Valilik ve Polisler Hakkında Suç Duyurusu
Türkiye Gazeteciler Sendikası üyesi gazeteciler son günlerde meydana gelen olaylarda basın mensuplarının polisler tarafından tartaklanmasına ve tazyikli suya maruz kalmalarına tepki gösterdi.
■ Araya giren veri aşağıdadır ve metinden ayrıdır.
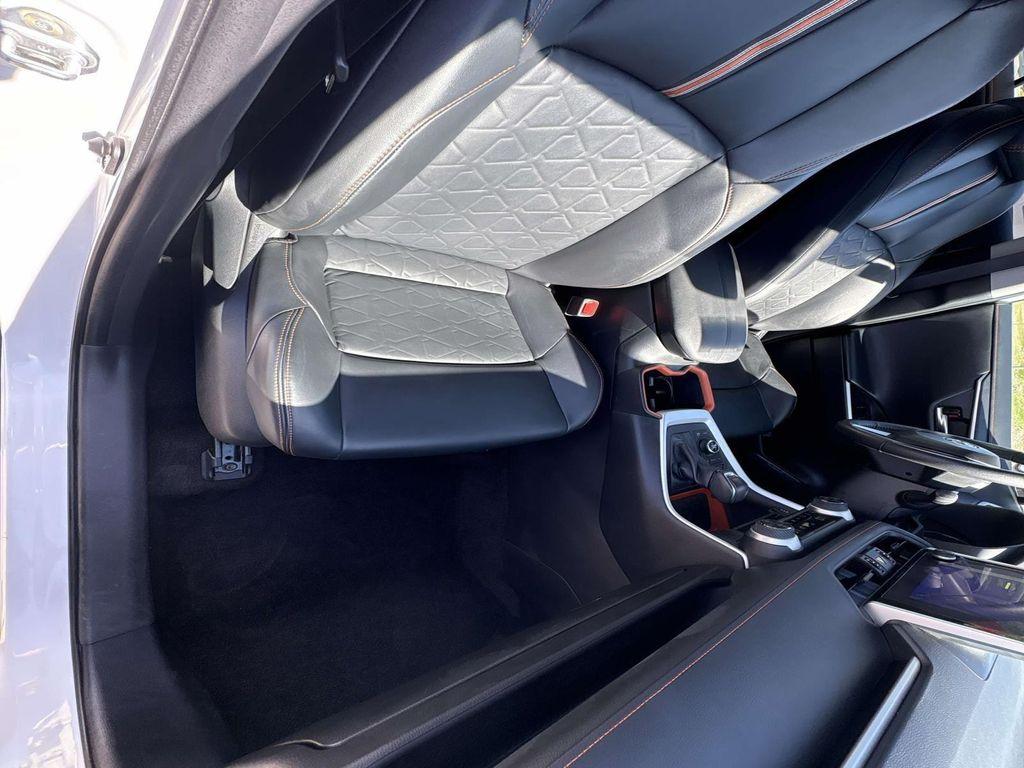 used 2024 Toyota RAV4 car, priced at $30,999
TGS, yetkililer hakkında savcılığa suç duyurusunda
bulundu.
Ankara Adliyesi önünde bir araya gelen Türkiye Gazeteciler
Sendikası üyesi gazeteciler son günlerde meydana gelen olaylarda
basın mensuplarının polisler tarafından tartaklanmasına ve tazyikli
suya maruz kalmalarına tepki gösterdi. Adliye önünde toplanan
gazeteciler adına açıklama yapan Türkiye Gazeteciler Sendikası
Ankara Şube Başkanı Esra Koçak, basın mensuplarının tartaklanmasını
veya tazyikli suya maruz kalmalarını "olaylar esnasında denk
gelmiştir" şeklinde açıklanamayacağını belirtti.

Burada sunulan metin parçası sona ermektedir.